-- Opening Marker --

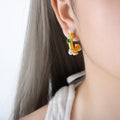 Gold Textured C Hoop Earrings Pearl Green Stone Accents view 6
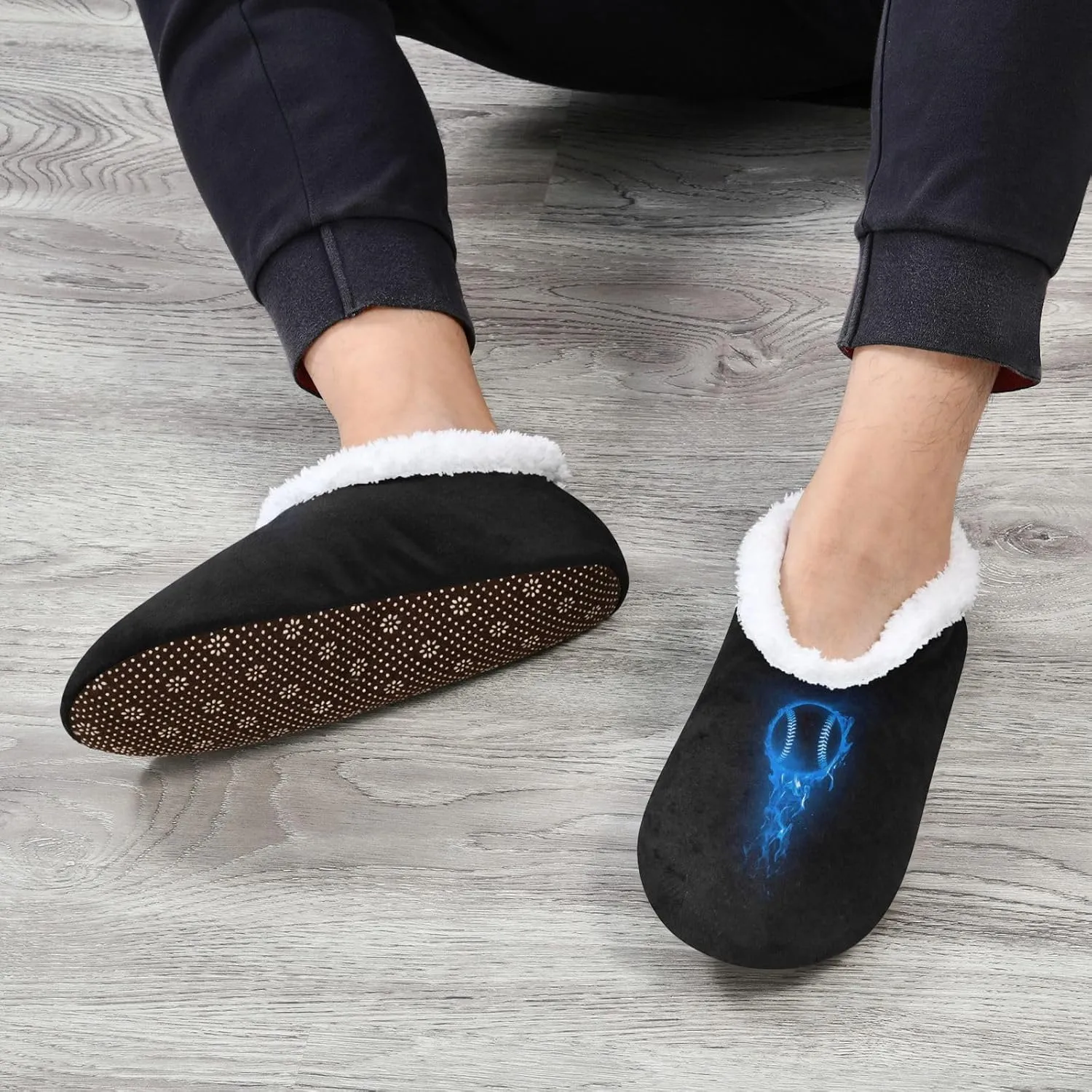 Dussdil Blue Flame Baseball Ball Home Winter Slippers Spa Travel House Slipper Soft Memory Foam Slipper Non Slip for Women Men Hotel Bedroom Shoes Slippers M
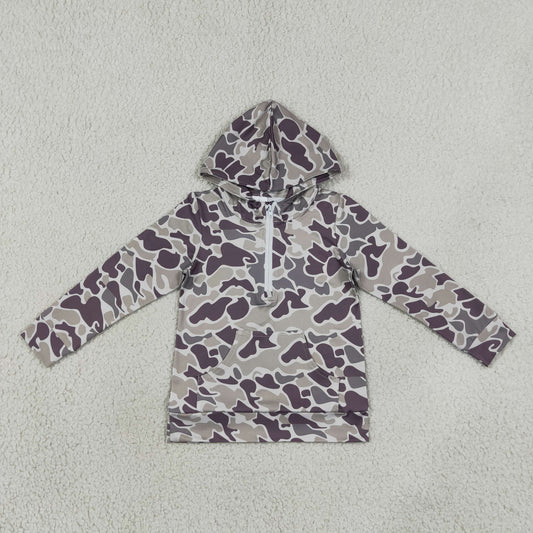 long sleeve zipper up camo hooded pullover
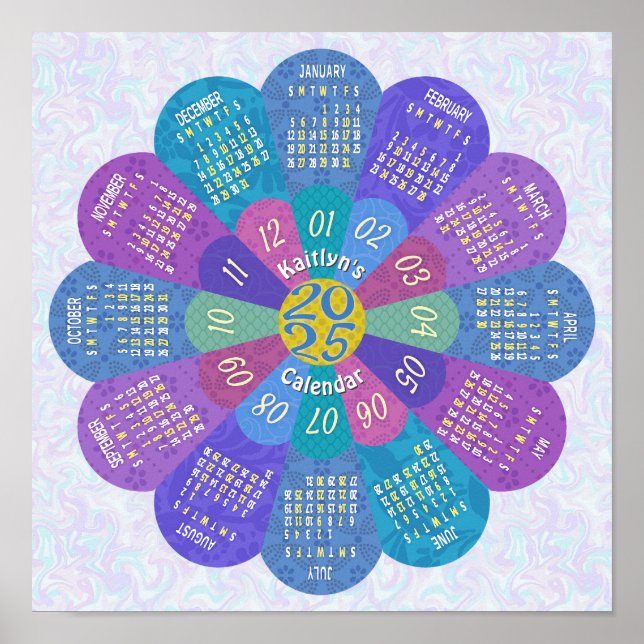 2025 Calendar Unique Boho Purple Flower Custom Poster (Front)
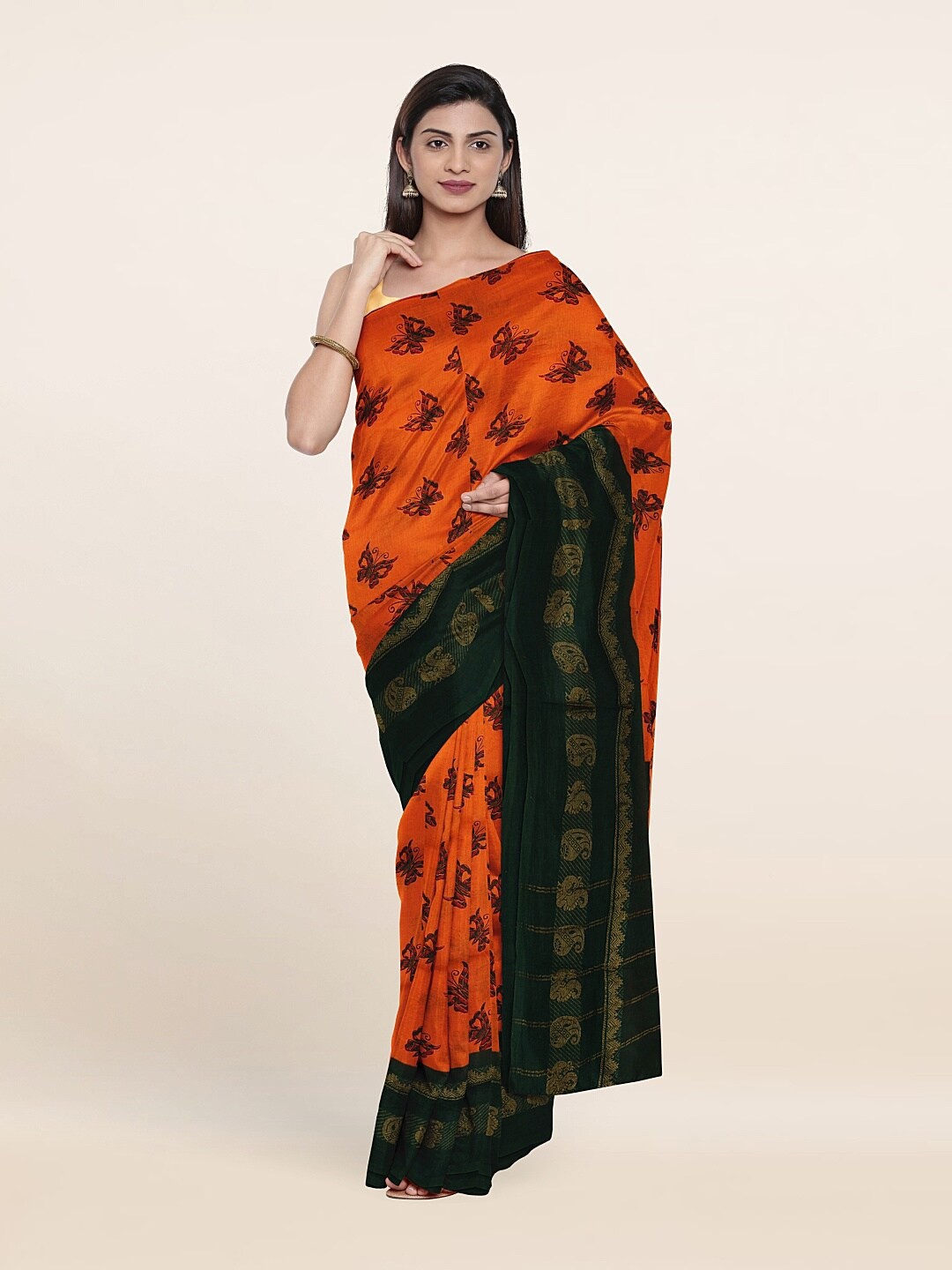 

Pothys Orange & Black Pure Cotton Saree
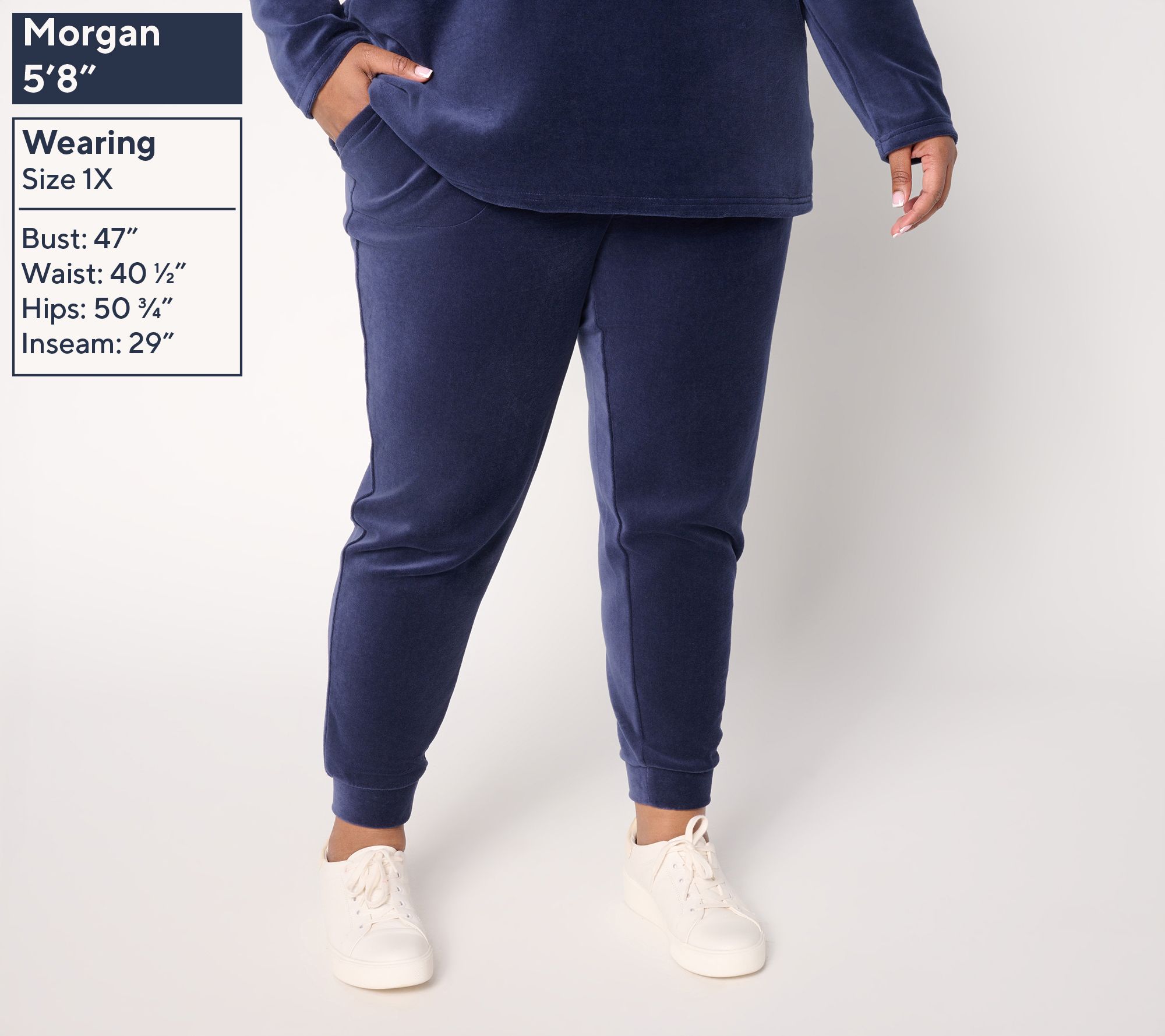 Denim & Co. Active Regular Velour_Ankle Joggers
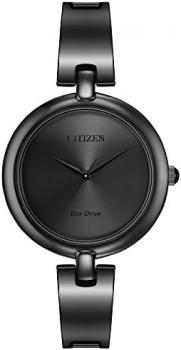 Citizen Eco-Drive Silhouette Bangle Three-Hand Stainless Steel - Black Women's watch #EM0225-84E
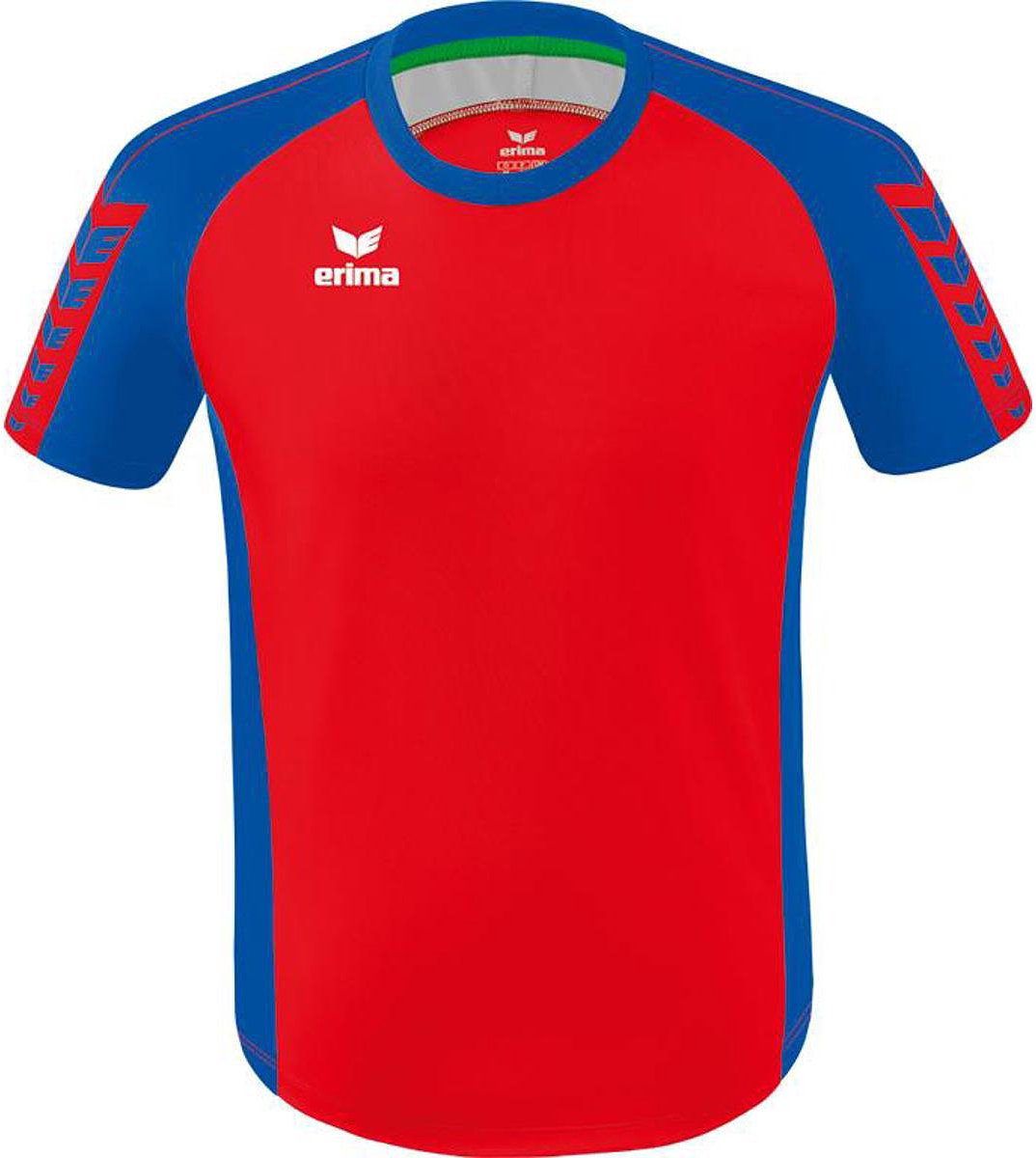 1074x1200-21 Erima Six Wings Shirt Korte Mouw Kinderen - Rood / New Royal | Maat: 140 - Afbeelding 1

-- Closing Marker --

Goal of the exercise: Output the records exactly as they appear, skipping any pictures.

Answer to this task:
 Gold Textured C Hoop Earrings Pearl Green Stone Accents view 6
 Dussdil Blue Flame Baseball Ball Home Winter Slippers Spa Travel House Slipper Soft Memory Foam Slipper Non Slip for Women Men Hotel Bedroom Shoes Slippers M
 long sleeve zipper up camo hooded pullover
 2025 Calendar Unique Boho Purple Flower Custom Poster (Front)

Pothys Orange & Black Pure Cotton Saree
 Denim & Co. Active Regular Velour_Ankle Joggers
 Citizen Eco-Drive Silhouette Bangle Three-Hand Stainless Steel - Black Women's watch #EM0225-84E
 1074x1200-21 Erima Six Wings Shirt Korte Mouw Kinderen - Rood / New Royal | Maat: 140 - Afbeelding 1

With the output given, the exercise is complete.